11/22/17 03:17:38 PM
by Stella Osoba, CMT

Traders often use overbought/oversold signals generated by an indicator like the Relative Strength Indicator (RSI) to place contrarian bets. But sometimes sticking with the trend is far more profitable.

Security:   CAT
Position:   N/A

The RSI is a very popular momentum indicator. It was developed by Welles Wilder and one of its uses is to signal overbought/oversold conditions in a security. A security is overbought when it has risen too far too fast. This is often considered to be a warning that the security will soon correct by falling. A security is oversold when it has dropped too far too fast, and this is often considered to be a warning that it will soon rise. Watching for these conditions, traders will sometimes place a contrarian bet in the hopes of profiting when the stock rises or falls.

The default values of the RSI are 14 days and the default levels for the RSI are 70 and 30. The security is considered overbought if it rises above 70 and oversold if it falls below 30. These are not fixed levels and should be adjusted depending on the behavior of the security you are watching. For this article, we will use the default values to illustrate an important point about the dangers of a mechanical use of overbought and oversold levels.

Figure 1. Daily chart for CAT with RSI Indicator.
Graphic provided by:
Caterpillar, Inc. (CAT) had been above its 50-day moving average since April 2017 (not shown). In early September CAT moved above 70 and into traditional overbought territory (See first red dotted vertical line on chart). But because the preceding uptrend was very strong, it would have been the wrong action to short the stock in the hopes of an imminent reversal. In fact, that would have led to heavy losses, because as we can see from the chart, the stock stayed in overbought conditions and continued to move higher until early November.

When using technical analysis, mechanical rules will often fail. The trick is to weigh all of the evidence before you and interpret the signals that you are seeing based on what that particular security is doing and not on what is supposed to happen. In this case, CAT was in a strong uptrend when it moved into overbought territory. The gap up on September 18 was further evidence of the strength of the prevailing trend. As far as the chart was concerned, there was no reason to short the stock because the uptrend showed continuing strength. It was not in trouble. After the gap up, the stock moved sideways for two weeks (see green dotted horizontal line on chart) and then resumed its upwards climb.

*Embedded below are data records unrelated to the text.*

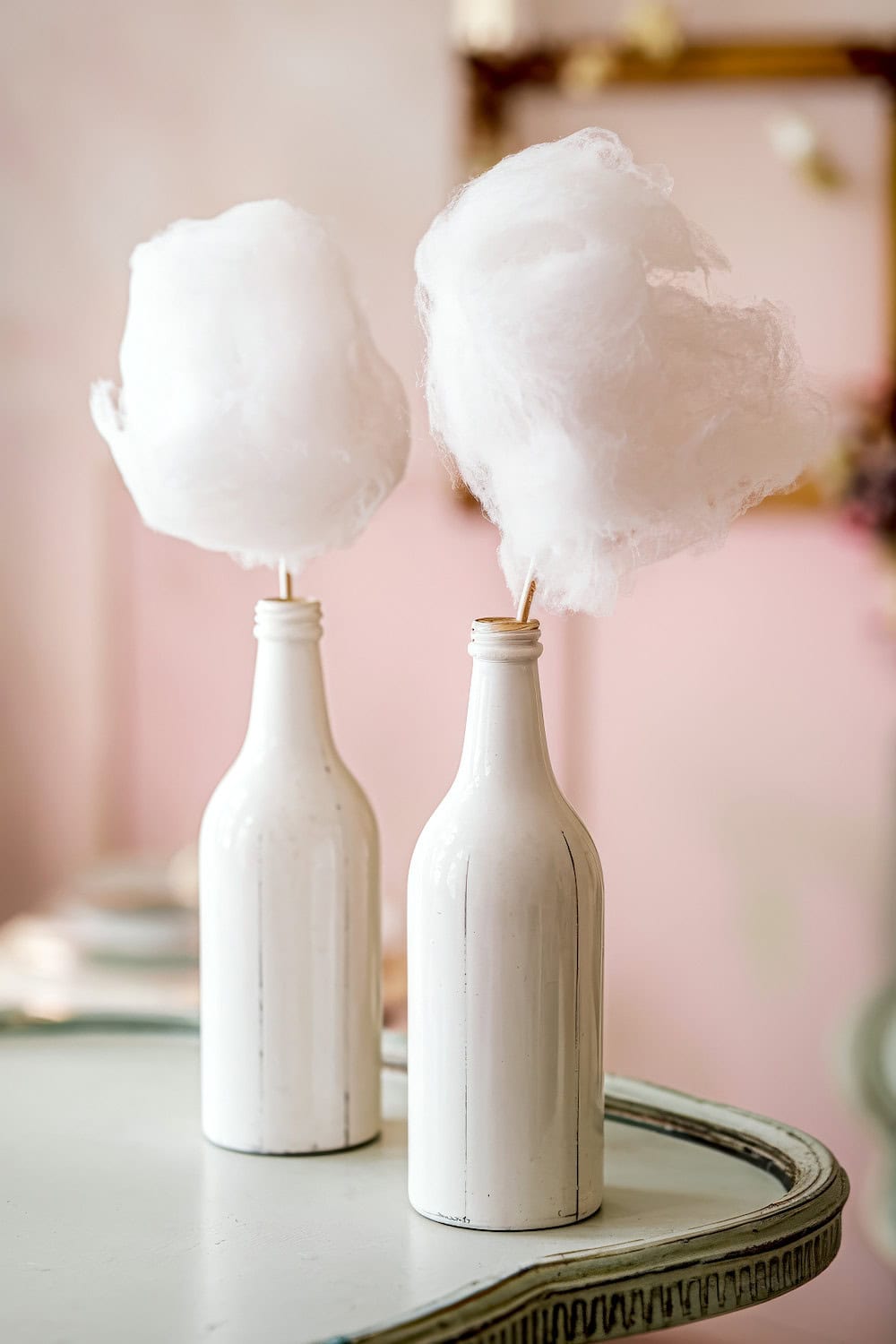 Two white bottles stand on a table, each holding a stick topped with fluffy white cotton candy, resembling clouds—a delightful nod to  Cloud 9 spring baby shower themes. The background is softly blurred with a pastel pink hue.
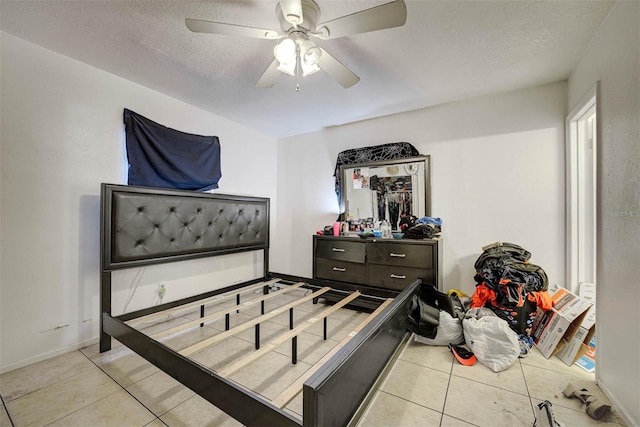 1831 Wilton Ave, Orlando, FL 32805 - bedroom with tile patterned flooring, a textured ceiling, and a ceiling fan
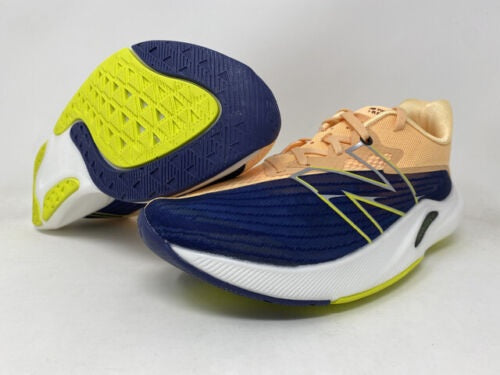 Tênis de corrida New Balance FuelCell Rebel v2 feminino Night Tide/Manga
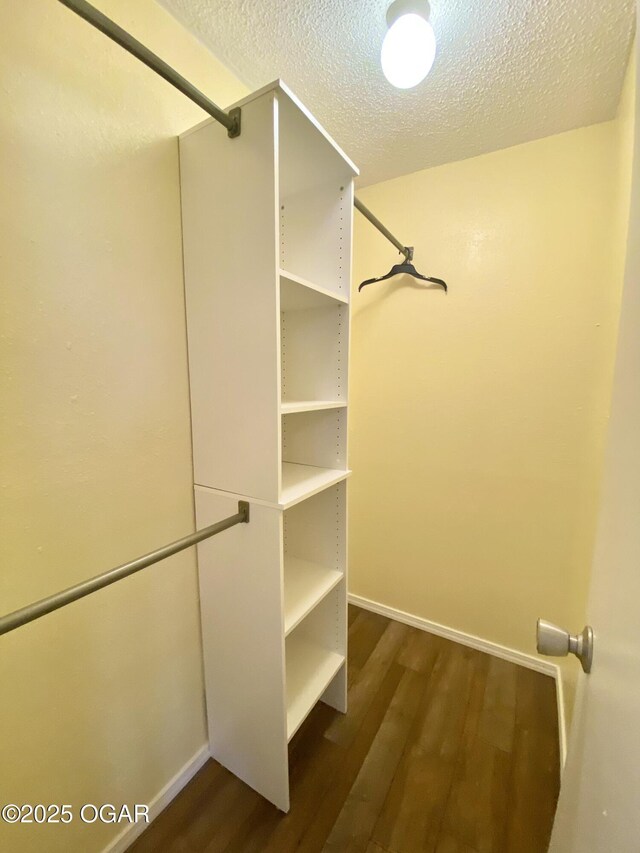 21522 Old Ritchey Rd, Granby, MO 64844 - spacious closet featuring dark wood finished floors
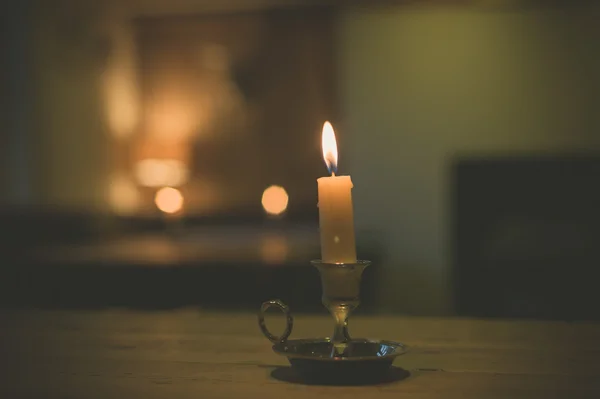 Candle on table in dining room — Stock Photo, Image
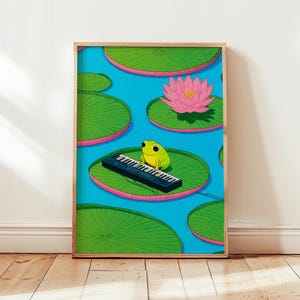 Op de afbeelding: Een ingelijste kunstdruk met een cartoonkikker die keyboard speelt op een waterlelieblad. De kikker is limoengroen met grote zwarte ogen. De waterleliebladeren zijn groen met roze randen en drijven op een blauwe vijver. Een roze lotusbloem is ook aanwezig.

This is a good example of why overbought or oversold signals should always be weighed very carefully before deciding to use them as a contrarian indicator. When the bulk of the evidence shows that the trend is very strong, it is often the case that the best trade will be in the direction of the trend and not against it, irrespective of the RSI showing overbought/oversold signals. And as CAT has shown, a security can stay at overbought or oversold levels for a considerable amount of time.

Stella Osoba, CMT

Stella Osoba is a trader and financial writer. She is a frequent contributor to "Technical Analysis of Stocks and Commodities" magazine and " Advantage" as well as other financial publications.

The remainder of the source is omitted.